MPISAI- A cross platform implementation of MPI 1



Design and Implementation of MPISAI

Bhaskaran .V, Vijay Krishna .P, Sai Swaminathan. G, Phani kumar .N,

Pandurangan .N and Baruah P.K.

Department of Mathematics and Computer Science

Sri Sathya Sai Institute of Higher Learning, Prashanthinilayam, India.

Introduction:

MPI programming is best suited for exploiting the tremendous combined power of a heterogeneous cluster of workstations. There are many implementations of this standard currently available. However, a majority of them do not support execution across different platforms. MPISAI is a cross-platform implementation of MPI 1.1. The primary goal of MPISAI is to propose an implementation that supports an efficient fault tolerance scheme. The special features of MPISAI include the facility for easy creation of parallel libraries and an interactive user interface for setting up the execution environment. It is developed using DCOM, a high-level network protocol, which enables distributed COM-based components to interoperate across a network.

Design of MPISAI

Components

• MPIRUN: a graphical user interface for setting up the execution environment for any MPI application to be run. This includes allocation of ranks to processes, distributing the load and redirecting the I/O of all the processes.

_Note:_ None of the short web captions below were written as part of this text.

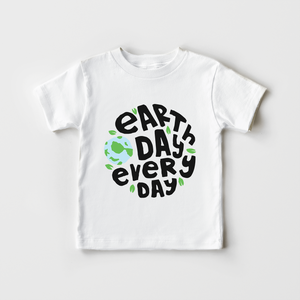 Earth Day Every Day Kids Shirt - Save The Planet Toddler Shirt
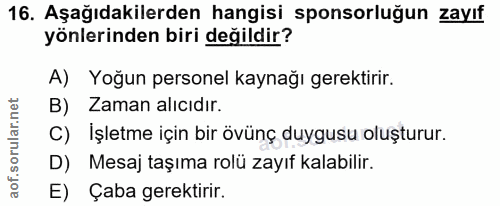 16. soru: Aşağıdakilerden hangisi sponsorluğun zayıf yönlerinden biri değildir? A) Yoğun personel kaynağı gerektirir. B) Zaman…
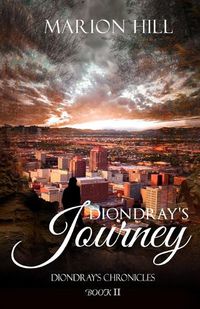 Cover image for Diondray's Journey: Diondray's Chronicles #2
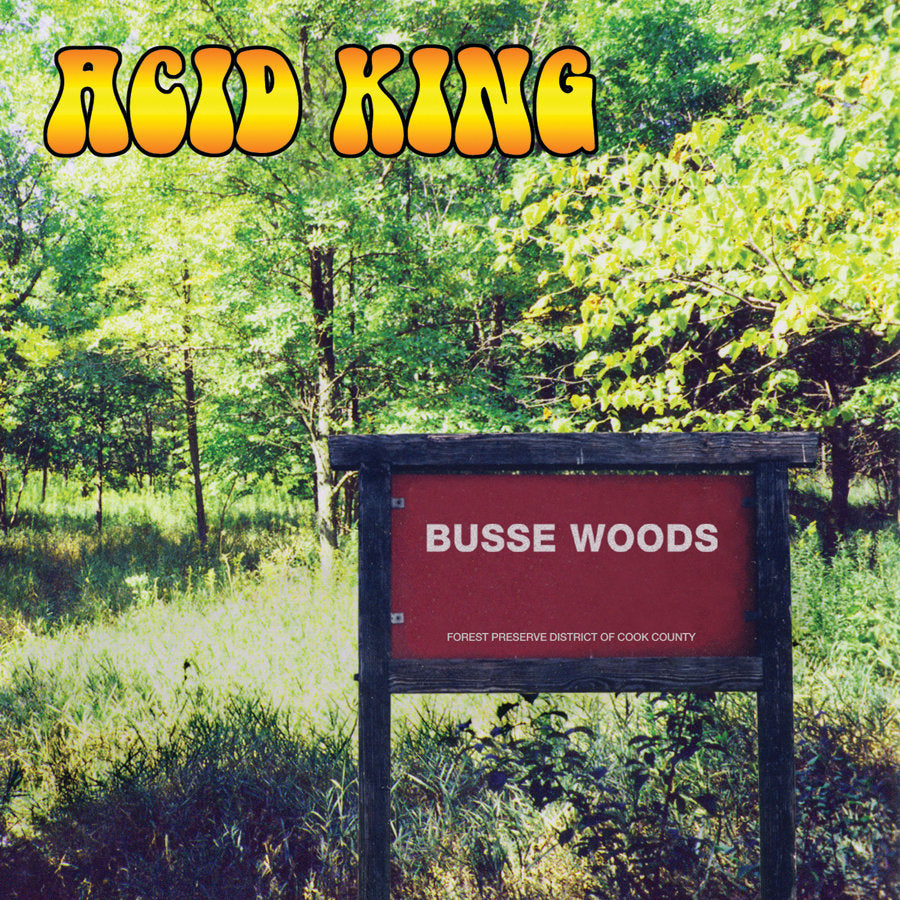 Acid King – Busse Woods LP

• DAEMON: the DCOM object, which forms the core of the implementation and is responsible for inter-process communication. It can concurrently execute its methods from different threads; hence can support multiple clients at the same time. It maintains various data structures for storing information regarding communication domains, topology, user defined data types and process synchronization. It also maintains storage for buffering messages from user processes in the local host and is aware of the overall distribution of the processes across the execution environment.

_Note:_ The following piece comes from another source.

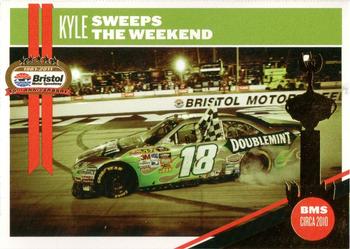 2011 Bristol Motor Speedway The First 50 Years #22 Kyle Sweeps the Weekend Front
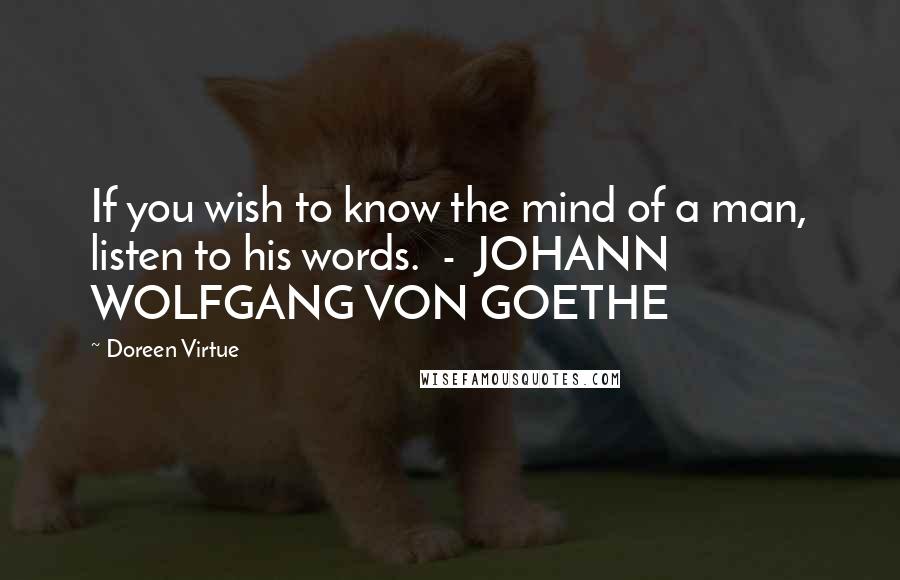 Doreen Virtue Quotes: If you wish to know the mind of a man, listen to his words.  -  JOHANN WOLFGANG VON GOETHE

• INTERMEDIATE: a library, linked statically to the user process, which acts as an interface between the user process and the Daemon. Details specific to a user process are stored in the corresponding Intermediate. This includes rank of the process in various communication domains, user defined operations and datatypes, error handling information and attribute caching. It also holds handles for the opaque objects stored in the Daemon. Process specific calls are handled in the Intermediate itself, thereby avoiding a lot of unnecessary load on the Daemon.

Interactions between the Components

Execution Environment Setup

Step 1: MPIRun invokes the Daemon on all the hosts and sends the particulars like the program path, number of processes as specified by the user.

Step 2: Each Daemon starts the user processes in its host machine as shown in the figure below.

The different levels of interaction can be categorized as below:

• Local process interactions (LPI)

• Local host interactions (LHI)

• Remote host interactions (RHI)

• Global interactions (GI)

Implementation of MPISAI

In this section we discuss the implementation of some basic MPI functions. We discuss the steps involved in the Daemon and the Intermediate.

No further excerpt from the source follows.